Caption-style text data:
--------------------------------

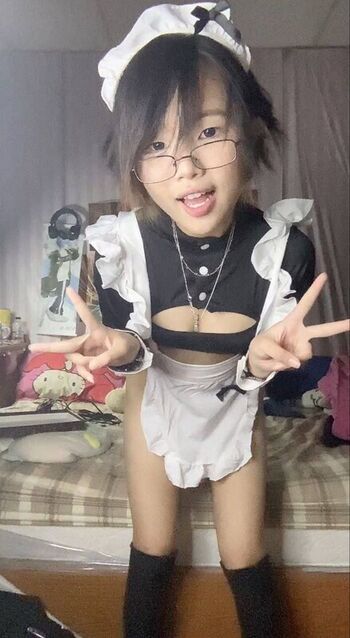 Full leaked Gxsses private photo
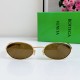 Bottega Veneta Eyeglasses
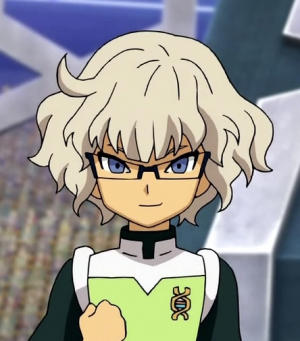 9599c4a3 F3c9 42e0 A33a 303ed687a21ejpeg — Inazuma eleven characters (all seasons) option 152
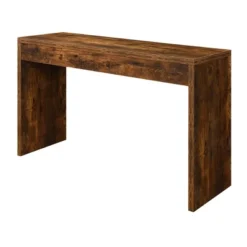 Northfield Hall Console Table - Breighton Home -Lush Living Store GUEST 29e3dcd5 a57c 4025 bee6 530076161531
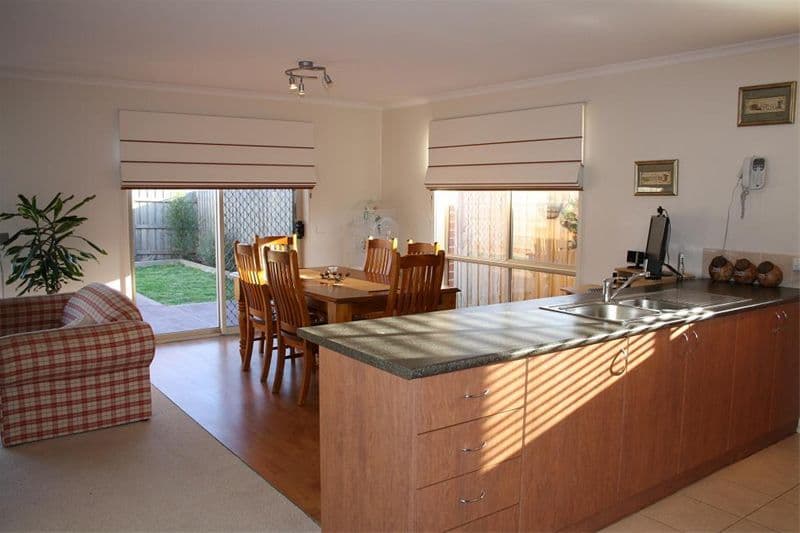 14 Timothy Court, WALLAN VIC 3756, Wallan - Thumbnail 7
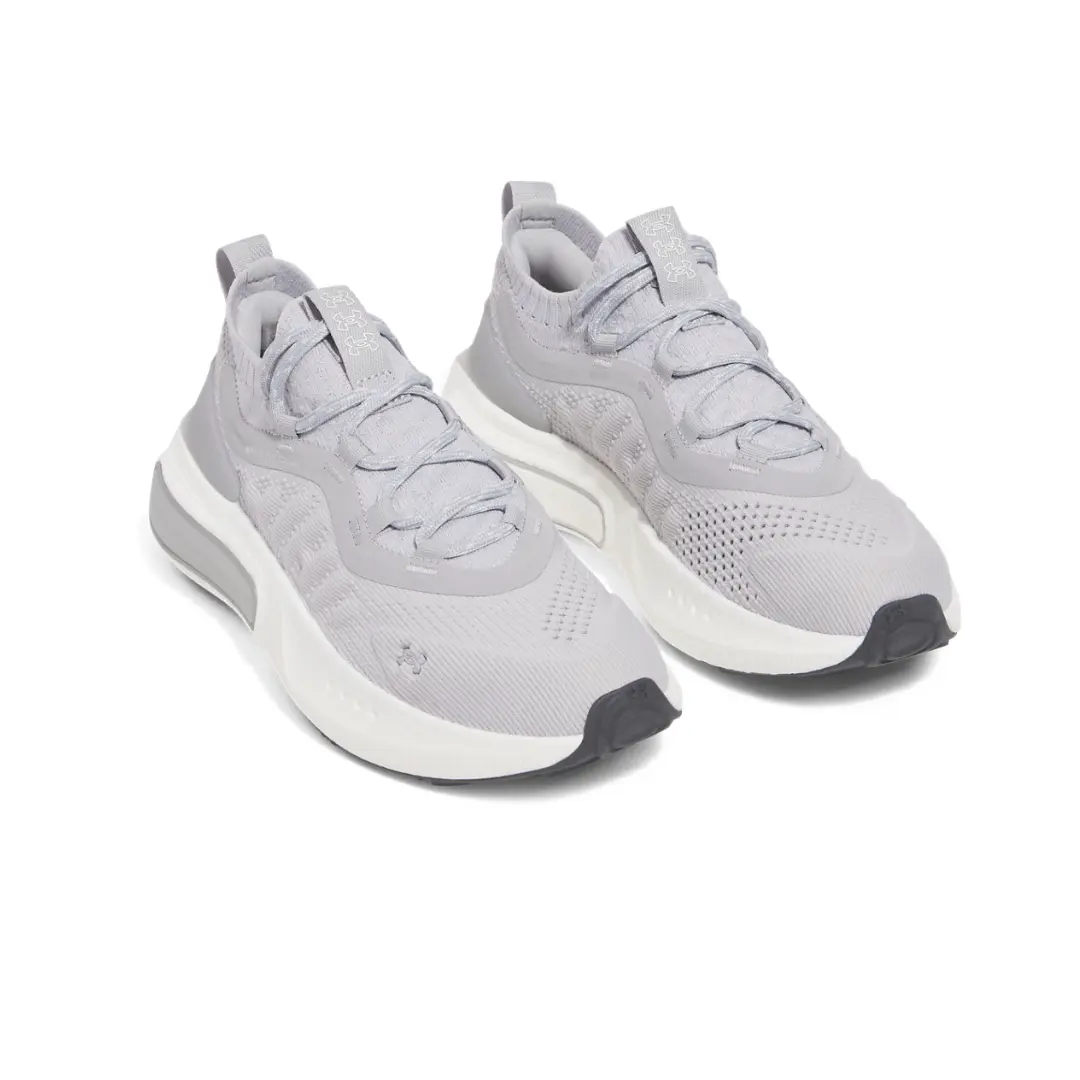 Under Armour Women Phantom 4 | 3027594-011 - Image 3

--------------------------------

__REQUIRED WORK__. Return nothing except the lines from the line with "Northfield Hall Console" through the last line of the records above, copied exactly and without pictures.

__EXERCISE SOLUTION__.
 Northfield Hall Console Table - Breighton Home -Lush Living Store GUEST 29e3dcd5 a57c 4025 bee6 530076161531
 14 Timothy Court, WALLAN VIC 3756, Wallan - Thumbnail 7
 Under Armour Women Phantom 4 | 3027594-011 - Image 3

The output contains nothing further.